Decision Tree example with Simple Python

1. Problem Statement:
We want to predict the rent of a house based on one feature: Size in square feet.

We manually split the data using a threshold, like a real decision tree.

Sample Data (Size vs Rent)

# Sample data: [Size in sq ft, Rent]
data = [
    [600, 12000],
    [850, 15000],
    [1100, 18000],
    [1500, 22000],
    [1800, 25000],
    [2100, 27000]
]

Step-by-Step Code

# Step 1: Split function to divide data based on a threshold
def split_data(data, threshold):
    left = []
    right = []
    for row in data:
        if row[0] <= threshold:
            left.append(row)
        else:
            right.append(row)
    return left, right

# Step 2: Calculate average rent (used as prediction in each leaf)
def average_rent(group):
    total = sum(row[1] for row in group)
    return total / len(group) if group else 0

# Step 3: Calculate total squared error for a split
def squared_error(groups):
    total_error = 0
    for group in groups:
        if not group:
            continue
        avg = average_rent(group)
        for row in group:
            total_error += (row[1] - avg) ** 2
    return total_error

# Step 4: Find the best split point
def find_best_split(data):
    best_threshold = None
    lowest_error = float('inf')
    
    for row in data:
        threshold = row[0]
        groups = split_data(data, threshold)
        error = squared_error(groups)
        if error < lowest_error:
            lowest_error = error
            best_threshold = threshold
    
    return best_threshold

# Step 5: Build the decision tree (only 1 split level for simplicity)
def build_tree(data):
    threshold = find_best_split(data)
    left, right = split_data(data, threshold)
    
    return {
        "threshold": threshold,
        "left_value": average_rent(left),
        "right_value": average_rent(right)
    }

# Step 6: Predict rent for new size input
def predict(tree, size):
    if size <= tree["threshold"]:
        return tree["left_value"]
    else:
        return tree["right_value"]

# Run the decision tree
tree = build_tree(data)

# Predict rent for a few new house sizes
test_sizes = [700, 1600, 2000]
for size in test_sizes:
    predicted = predict(tree, size)
    print(f"Predicted rent for {size} sq ft: ₹{int(predicted)}")

Output

Predicted rent for 700 sq ft: ₹13500
Predicted rent for 1600 sq ft: ₹24666
Predicted rent for 2000 sq ft: ₹24666

What This Code Does:

It finds the best place to split the data (threshold).
It predicts average rent for smaller vs larger houses.
It builds a simple 1-level decision tree — just like a basic flowchart.

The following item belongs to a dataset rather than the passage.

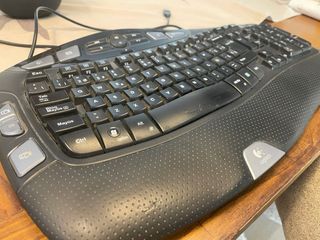 Teclado Logitech Wave Y-UV90 Cableado Ergonómico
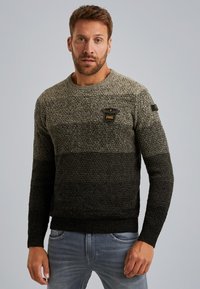 Gebreide trui in een gradient van olijfgroen naar zwart, met een textuurpatroon, ronde hals en PME-logo patch op de borst. Ribbelmanchetten en -zoom.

2. Multilevel Decision Tree Goal

We’ll keep splitting the data into smaller groups recursively, until:

Each group is small enough, or
The values inside a group are almost the same (i.e., no need to split more).

Updated Python Code (Multi-Level Tree)

# Sample data: [Size in sq ft, Rent]
data = [
    [600, 12000],
    [850, 15000],
    [1100, 18000],
    [1500, 22000],
    [1800, 25000],
    [2100, 27000]
]

# Split data based on a size threshold
def split_data(data, threshold):
    left = []
    right = []
    for row in data:
        if row[0] <= threshold:
            left.append(row)
        else:
            right.append(row)
    return left, right

# Average rent in a group
def average_rent(group):
    total = sum(row[1] for row in group)
    return total / len(group) if group else 0

# Calculate total squared error for a split
def squared_error(groups):
    total_error = 0
    for group in groups:
        if not group:
            continue
        avg = average_rent(group)
        for row in group:
            total_error += (row[1] - avg) ** 2
    return total_error

# Find best split threshold
def find_best_split(data):
    best_threshold = None
    lowest_error = float('inf')
    for row in data:
        threshold = row[0]
        groups = split_data(data, threshold)
        error = squared_error(groups)
        if error < lowest_error:
            lowest_error = error
            best_threshold = threshold
    return best_threshold

# Stop conditions
def is_pure(group):
    rents = [row[1] for row in group]
    return max(rents) - min(rents) < 1000  # difference less than ₹1000

def build_tree(data, depth=0, max_depth=3, min_samples=2):
    if len(data) <= min_samples or depth >= max_depth or is_pure(data):
        return average_rent(data)
    
    threshold = find_best_split(data)
    left_data, right_data = split_data(data, threshold)
    
    return {
        "threshold": threshold,
        "left": build_tree(left_data, depth + 1, max_depth, min_samples),
        "right": build_tree(right_data, depth + 1, max_depth, min_samples)
    }

# Prediction function
def predict(tree, size):
    if not isinstance(tree, dict):
        return tree
    if size <= tree["threshold"]:
        return predict(tree["left"], size)
    else:
        return predict(tree["right"], size)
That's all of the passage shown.